SDR, the reason Imperial is European in aspect is because that's what the Japanese wanted. They were courting foreigners, and wanted a hotel that would be at once exotically Japanese and comfortably European/American. This was a calculated effect. The interesting story of Imperial is the little-known annex FLW designed. In 1919, an annex to the original hotel (1890 - 1922) burned to the ground, and within four months, FLW designed and built the new annex, which survived until the construction of the main building was completed, then demolished. He included a luxurioiusly appointed apartment for himself. For a building intended to be temporary, one might expect something about as inviting as Hotel 6, but the annex was carefully designed and detailed. Kathryn Smith wrote a superb article about it in "The Art Bulletin", June 1985 (which also contains an article by Lloyd C. Englebrecht on "Adler & Sullivan's Pueblo [CO] Opera House").
Bruce's book also includes an early photo of Jiyu Gakuen (pg 51) proving that the large window wall in the Main Hall has been altered. As shown in Mono 4, pg 185, There are solid wood panels in some parts of the fenestration and a major transom across the whole composition, neither of which is original.
It's easy to find -- just take a bus or taxi (20 minutes from Florence) up the hill to the Fiesole town square. The Via Verdi is right there and the Wright place is about a block up the hill, overlooking Flprence and the Arno River valley below. It's just as Wright describes it in his lyrical memoir, "In Exile," which is on pp. 164-165 of the Barnes and Noble reproduction of the 1943 Autobiography. There's a plaque on the wall of the corner building, but the actual little house is next door, connected to a walled garden.

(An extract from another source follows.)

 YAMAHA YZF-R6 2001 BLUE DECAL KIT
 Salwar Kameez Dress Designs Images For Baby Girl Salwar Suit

Historic photos of the interior and garden of the place (which can only be glimpsed from the path) were taken by young Wright apprentice Taylor Wooley and can be seen online in the University of Utah archive: http://db3-sql.staff.library.utah.edu/l ... /P0025.xml
A Florentine fan, Giampaolo Fici, worked out a series of drawings of how he imagined the finished home/studio project that Wright drew would look, and his son Filippo Fici, also an architect, finished the job and published a little booklet, "Frank lloyd Wright -- Fiesole 1910." I visited Filippo in Florence and he was nice enough to give me a copy. I'll try to scan and post a couple of images.
On the other side of the town square is a must-see archaeological museum park that was there in 1910. It has both Etruscan and Roman features, including an amphitheater (that is still used in summer festivals), the relics of baths (including one that looks just like a lap pool) and a temple base that is pictured in a scene in the film "Tea with Mussolini," where Lilly Tomlin, who plays an archaeologist, meets with Cher.
We went in early May and it was all in bloom and enchanting. You can see why Frank and Mamah loved it. Take a table at and outdoor cafe, order some bruschetti and a mezzo of wine, and soak it in!
As for Taliesin and Tuscany: In an article published in Wisconsin magazine in 1932, titled "Why I Love Wisconsin," Wright says of Jones Valley: "So 'human' is this countryside in scale and feeling. 'Pastoral' beauty, I believe, the poets call it. More like Tuscany, perhaps, than any other land, but the Florentines that roamed those hills never saw such wildflowers as we see any spring if the snow has been plentiful."
So it's likely he had Italy on his mind when he was building Taliesin just months after he and Mamah returned from their sojourn.
There are interior pictures of the annex in "Frank Lloyd Wright and the Art of Japan" (Julia Meech). There are also a ton of great contemporaneous pictures of Taliesin at the time and details on his manic involvement buying and selling Ukiyo-e. It's a little known period, and the book makes for fascinating reading.SDR wrote:Thanks, Roderick. I had been ignorant of the annex. Do you know where pictures (if any) are to be found ? I suppose the "Art Bulletin" article. . .SDR
Any Wright aficionado who does not have this book is missing considerable information regarding a phase of his life which was more interesting than most of his architecture at the time.